Similarly, a newsletter I subscribe to about recent academic research was packed with recent discoveries. Not one of the 35 links in that day’s edition pointed to anything remotely relevant to what was happening at that time in Washington, D.C (or various other state capitals in the country). That was less surprising to me than the collective shrugging off of events by financial markets, but it still made an interesting contrast clear to me.

These two corners of the world are not tied to the happenings of today. Markets look forward and lay economic bets on what will be. And apparently it had bet that the events of January 6 wouldn’t have any lasting impact.

Scientific journals look backward and report on what has already happened in the world of academic research. Neither are very focused on today.

But there is another reason why these two corners of the world seemed unfazed by the news headlines of January 6th. Science and the Markets are two examples of things driven by facts and data. Yes, emotion certainly plays a part. Investors have long known that irrational exuberance or fear can drive artificial bubbles or crashes. And the choice of research paths to take is a human one, which means it’s inevitably driven by emotions.

But both these ecosystems try to systematically reduce the role of emotion as much as possible by relying on facts and data. And because facts and data do not reveal their stories immediately but rather over time in the form of trends, they have to take a longer view of the world.

Therefore, these things operate on different timelines from the news. Financial markets use what’s happening now – today – as just one of many inputs into a calculated bet that will be weeks or months in the future.

Science takes a longer view, using the challenges of today to set a research agenda that may be years away from realizing its pay-off.  Both finance and science use what’s happening right now as one input to determine what will be in the future, but neither focus exclusively on today.

In contrast, that’s exactly what the news has to do. And it hyperbolizes the now, stripping the ordinary from the extraordinary, separating it, picking it out, and concentrating it for our consumption

The fact is, both markets and science have to operate by Factfulness, to use the term coined by the late Hans Rosling, Swedish physician and well known TED speaker. To run like the rest of the world, over-focused on the amplified volatility of the here and now that fills our news feeds, would be to render them dysfunctional. They couldn’t operate. They would be in a constant state of anxiety.

Increasingly, the engines that drive our world  – such as science and financial markets – have to decouple themselves from the froth and frenzy of the immediate. They do so because the rest of the world is following a very different path – one where hyper-emotionality and polarized news outlets whip us back and forth like a rag-doll caught by a Doberman.

This decoupling has accelerated thanks to the role of technology in compressing the timelines of the worldview of most of us. We are instantly alerted to what’s happening now and are then ushered into a highly biased bubble from in which we look at the world. Our world view is not only formed by emotion, it is deliberately designed to manipulate those emotions.

Emotions are our instant response to the world.
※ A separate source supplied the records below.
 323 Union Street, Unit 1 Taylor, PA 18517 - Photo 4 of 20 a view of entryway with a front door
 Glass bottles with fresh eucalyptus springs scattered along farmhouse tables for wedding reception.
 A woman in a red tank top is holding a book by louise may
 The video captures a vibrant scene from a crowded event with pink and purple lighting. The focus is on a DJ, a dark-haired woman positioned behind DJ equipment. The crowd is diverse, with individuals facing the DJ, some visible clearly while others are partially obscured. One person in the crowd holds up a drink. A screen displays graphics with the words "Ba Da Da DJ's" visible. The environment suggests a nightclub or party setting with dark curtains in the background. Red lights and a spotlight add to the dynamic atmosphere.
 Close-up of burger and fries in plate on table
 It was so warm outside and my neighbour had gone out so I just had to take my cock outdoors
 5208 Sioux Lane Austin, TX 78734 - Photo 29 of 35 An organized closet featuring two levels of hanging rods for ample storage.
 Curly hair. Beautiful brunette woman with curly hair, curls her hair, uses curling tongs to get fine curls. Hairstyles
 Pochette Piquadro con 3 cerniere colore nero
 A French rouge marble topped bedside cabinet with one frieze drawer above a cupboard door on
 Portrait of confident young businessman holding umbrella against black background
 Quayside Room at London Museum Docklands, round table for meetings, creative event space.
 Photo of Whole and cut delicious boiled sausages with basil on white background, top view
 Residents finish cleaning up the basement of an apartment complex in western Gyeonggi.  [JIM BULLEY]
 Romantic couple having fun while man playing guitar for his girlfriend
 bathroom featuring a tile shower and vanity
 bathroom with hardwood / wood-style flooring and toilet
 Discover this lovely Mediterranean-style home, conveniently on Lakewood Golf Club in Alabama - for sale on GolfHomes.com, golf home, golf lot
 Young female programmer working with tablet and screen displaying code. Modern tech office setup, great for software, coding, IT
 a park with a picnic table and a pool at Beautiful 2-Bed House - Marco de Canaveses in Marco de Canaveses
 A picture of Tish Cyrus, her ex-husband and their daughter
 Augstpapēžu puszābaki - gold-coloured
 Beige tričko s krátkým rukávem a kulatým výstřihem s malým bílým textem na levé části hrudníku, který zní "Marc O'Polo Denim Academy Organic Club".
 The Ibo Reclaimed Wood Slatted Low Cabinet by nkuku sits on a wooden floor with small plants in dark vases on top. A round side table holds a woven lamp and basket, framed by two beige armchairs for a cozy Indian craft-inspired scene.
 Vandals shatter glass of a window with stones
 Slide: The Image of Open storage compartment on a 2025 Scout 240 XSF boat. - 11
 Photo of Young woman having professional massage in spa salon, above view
They run fully hot or cold, with nary a nuance of ration to modulate them. Also, because emotions are our natural early warning systems, we tend to be hyper-aware of them and are immediately drawn to anything that promises to push our emotional buttons. As such, they are a notoriously inaccurate lens from which to look at reality.  That is why efforts are made to minimize their impact in the worlds of science and finance.

We should hold other critical systems to the same standards. Take government, for instance. Now, more than ever, we need those that govern us to be clear eyed and dealing with facts. Unfortunately, as we saw last week, they’re running as fast as they can in the opposite direction.

Happy New Year?

“Speaking of the happy new year, I wonder if any year ever had less chance of being happy. It’s as though the whole race were indulging in a kind of species introversion — as though we looked inward on our neuroses. And the thing we see isn’t very pretty… So we go into this happy new year, knowing that our species has learned nothing, can, as a race, learn nothing — that the experience of ten thousand years has made no impression on the instincts of the million years that preceded.”

That sentiment, relevant as it is to today, was not written about 2021. It was actually written 80 years ago — in 1941 — by none other than John Steinbeck.

John was feeling a little down. I’m sure we can all relate.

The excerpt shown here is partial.